Ricordo, un anno, le discussioni accese e le difficoltà di scelta nell’adozione dell’Antologia per la scuola media: i due libri su cui discutevamo, noi insegnanti democratici e appassionati della nuova linguistica, erano Leggere per, di Mario Ambel, della SEI, e Progetto Lettura, di Daniela Bertocchi, della Nuova Italia. Li valutavamo sulla base di criteri didattici e linguistici insieme, ne analizzavamo rigorosamente contenuti e impianti. Erano bellissimi tutti e due, e sfondarono tutti e due. Nelle scuole ci si riconosceva attraverso i riferimenti a quei libri, a quegli autori, a quegli indirizzi. Alla fine io avevo scelto Leggere per, perché era meno strutturato e mi piaceva (allora come ora) sentirmi didatticamente più libera, ma Progetto Lettura, che pure mi piaceva molto, fu l’Antologia più adottata, per tanti anni, e costituì una efficacissima guida didattica per un’intera generazione di insegnanti.
Oggi gli insegnanti di lettere si muovono senza riferimenti teorici, non hanno tempo per studiare, si affidano a manuali articolatissimi e pesantissimi, che li attraggono perché hanno le unità d’apprendimento bell’e fatte e le prove di verifica bell’e fatte e con le risposte corrette già fornite.

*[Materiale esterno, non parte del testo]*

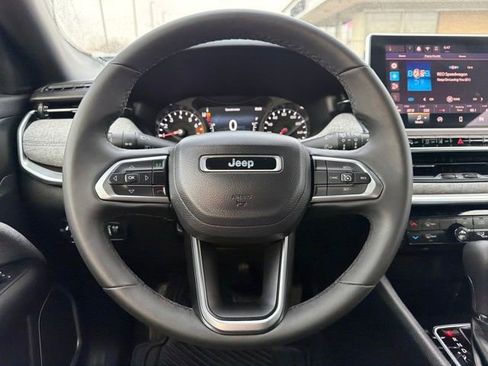 Used 2024 Jeep Compass Latitude image 16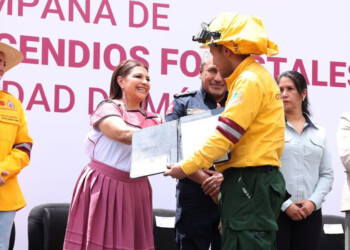Clara Brugada despliega a casi 4 mil elementos para combatir incendios forestales en CDMX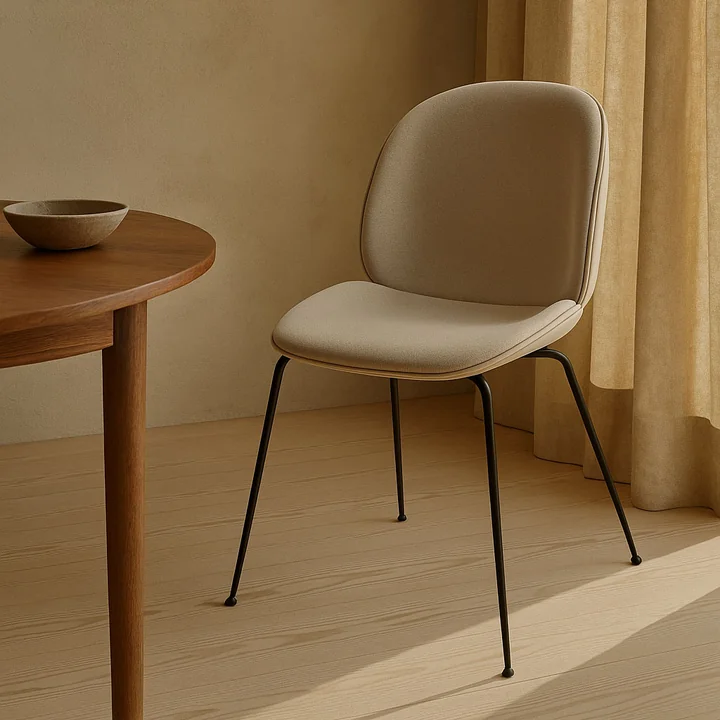 Gubi - Beetle Dining Chair Full upholstery (Conic Base), black / Vidar (146) / Valencia leather (Exclusive Edition)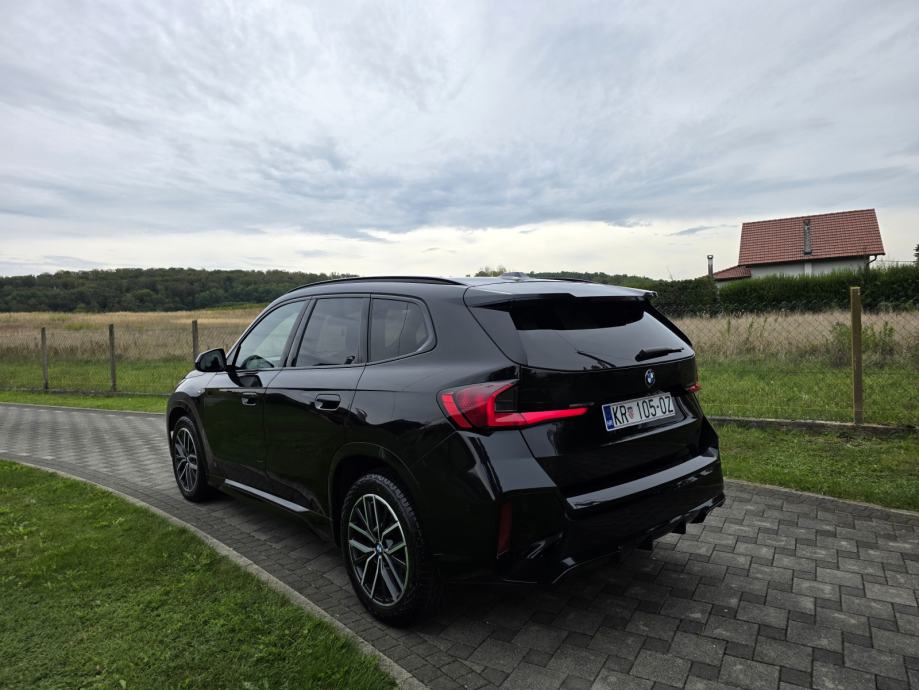 BMW X1 U11 sDrive18d Automatik M sport *shadow line *reg. godinu dana, fotografija 8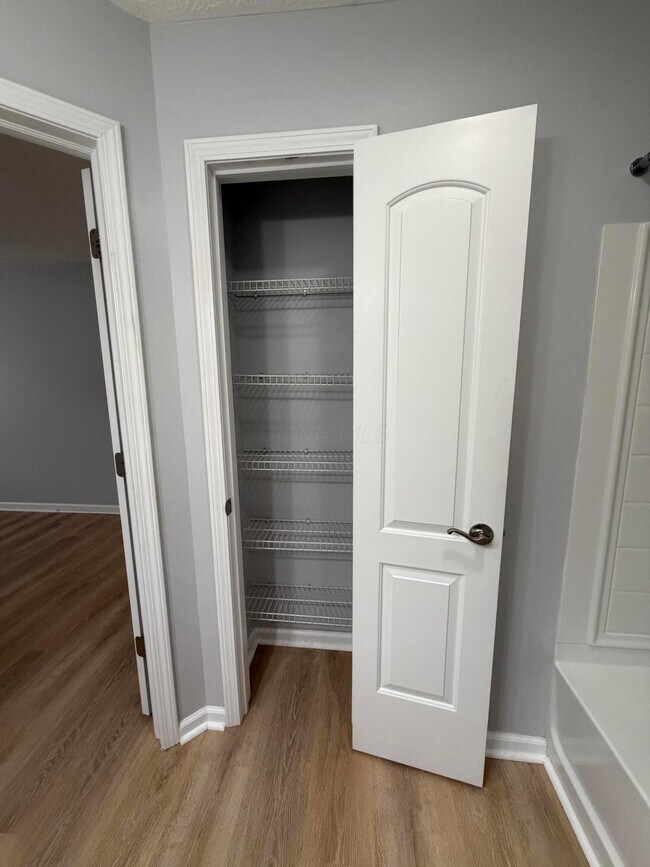 Building Photo - 7774 S Essex Gate Dr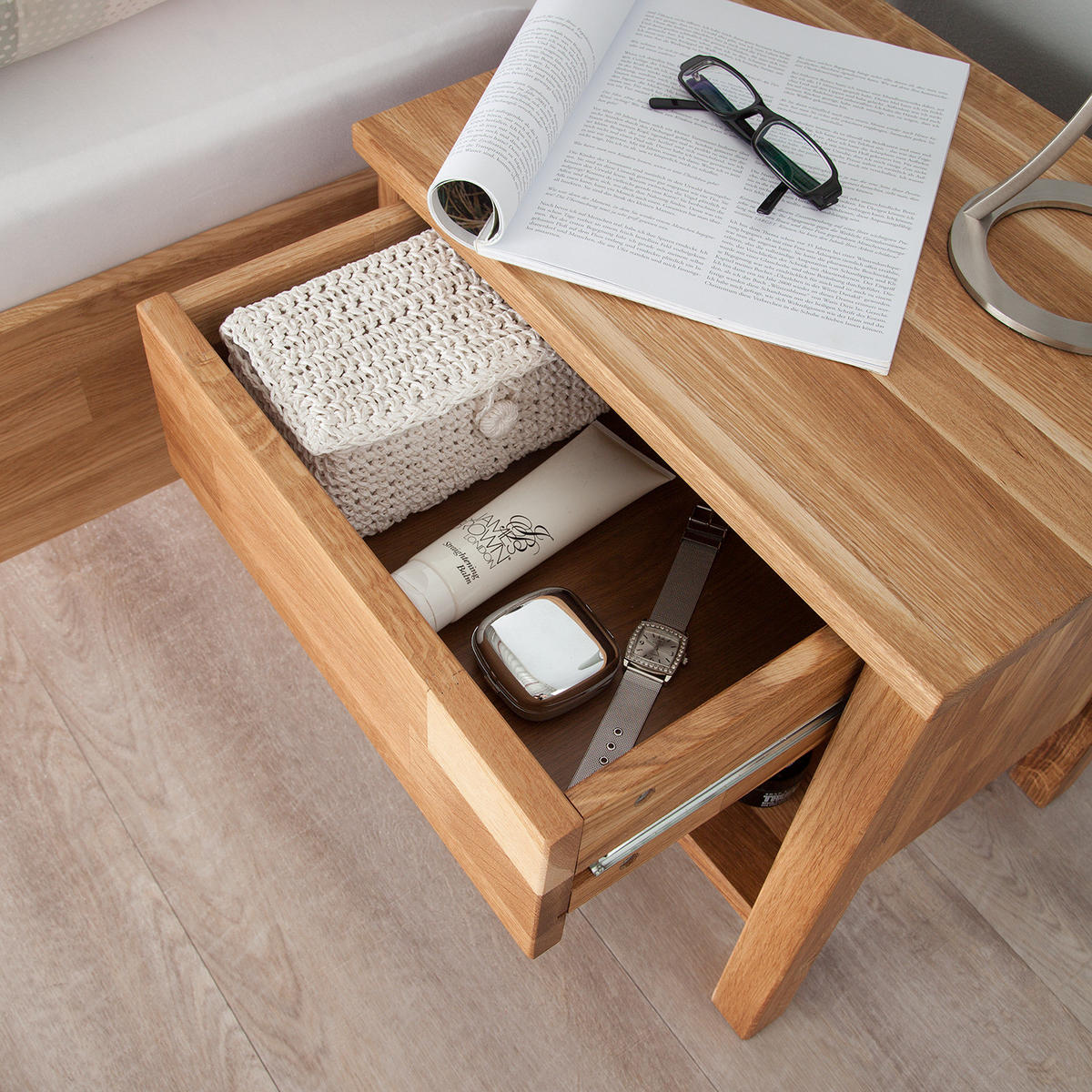 NACHTKOMMODE - Eiche massiv - geölt - Eichefarben, Holz (47/49/37cm) - home24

Non litigano molto, oggi, per i criteri di adozione dei libri di testo: scelgono concordemente quelli che meglio degli altri li sostituiscono nell’adempiere alla funzione docente, quelli che offrono i più allettanti manualetti per l’addestramento alle prove Invalsi!
Nel tempo Daniela Bertocchi è diventata lei stessa consulente di Invalsi per le prove di italiano, ma il suo nome e i suoi studi e i suoi libri non esistono nella cultura degli attuali insegnanti di lettere: è più facile addestrare i ragazzi che studiare, noi stessi, quanto occorrerebbe per formarli. I libri della Bertocchi, e non solo i suoi, non so se li stampano ancora, ma non so neanche quanti avrebbero il tempo e la voglia di leggerli.